Les victimes justement, on constate que ce sont un peu les grandes oubliées de cette histoire. Ce qui n'aurait du être qu'une tristement banale histoire de violences conjugales s'est mué en débat de société sur le racisme, les droits civiques et le climax de tensions raciales exacerbées depuis près de deux siècles dans ce pays. Pourtant, la célébrité d'OJ aurait pu permettre une prise de conscience sur ce fléau des violences conjugales qui est certainement encore plus répandu que le racisme.

Il est d'ailleurs dommage que OJ Simpson soit devenu le symbole de la lutte des droits civiques et contre les violences policières envers les noirs car il ne s'était pas engagé auparavant alors qu'il aurait très bien pu le faire. Sa chute pathétique à la suite de son acquittement montre d'ailleurs à quel point il était indigne du soutien qu'il a reçu.

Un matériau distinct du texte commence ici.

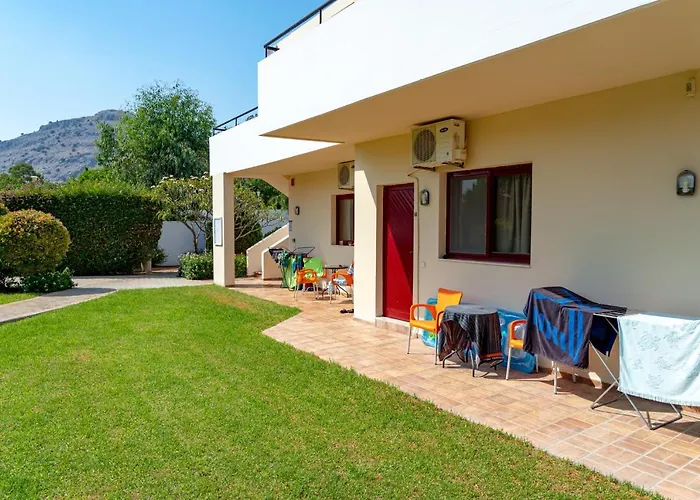 Angela Studios Pefkos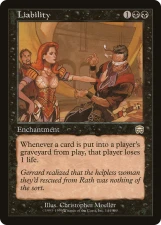 Liability card image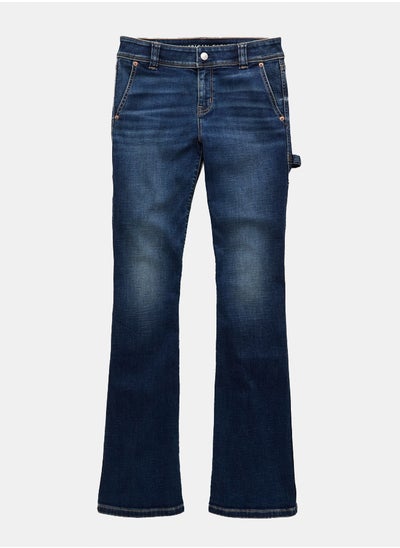 Buy AE Next Level Low-Rise Kick Bootcut Jean in Egypt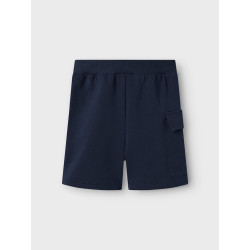 NAME IT MINI Mo Spider Shorts - Navy Blazer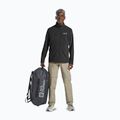 Fleecejacke für Herren Jack Wolfskin Wild Rebel 200 Full Zip paw black 2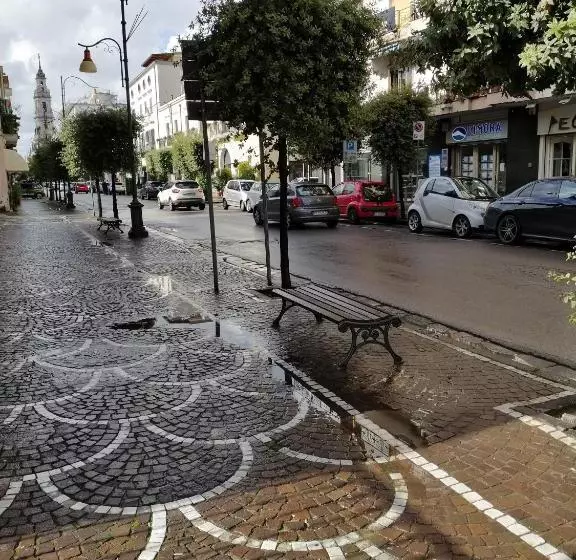 ベッドアンドブレックファースト Affittacamere Olimpo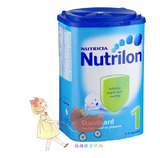 香港代购 荷兰本土牛栏Nutrilon1段奶粉 牛栏奶粉 850g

Plus que l'affaire d'OJ, il s'agit ici de l'affaire des Etats-Unis. Près de 25 ans après, et malgré Obama, il s'agit toujours d'un pays où j'hésiterais toujours à deux fois avant de m'y rendre en tant que noir.

Pour conclure, je vais vous livrer une anecdote personnelle. En 2005, je me suis rendu aux Etats-Unis pour un voyage linguistique d'été. Il s'agit encore pour moi de mon seul voyage dans ce pays à ce jour. Étonnamment, l'organisme a eu quelques difficultés à me trouver une famille d'accueil. Une fois arrivé sur place, j'interrogeai mes camarades de voyage afin de savoir si pour eux aussi, l'organisme avait eu du mal à dénicher une famille. Aucun souci pour eux. Ils avaient la particularité d'être tous blancs. Et bien entendu, chacun d'eux avait une famille d'accueil blanche. Pour ma part, j'ai finalement eu une famille d'accueil qui était bien entendu une famille noire. Ca se passait en Virginie, en 2005. La personne chargée de trouver les famille d'accueil ne pouvait pas concevoir qu'un jeune noir passe ses vacances chez des blancs. Toutefois, pour la petite histoire, je suis tombé dans la meilleure famille que j'aurais pu imaginer. Il s'avère qu'il s'agissait de français comme moi, et que le père était blanc et que la mère était noire. Je les considère encore comme ma famille aujourd'hui.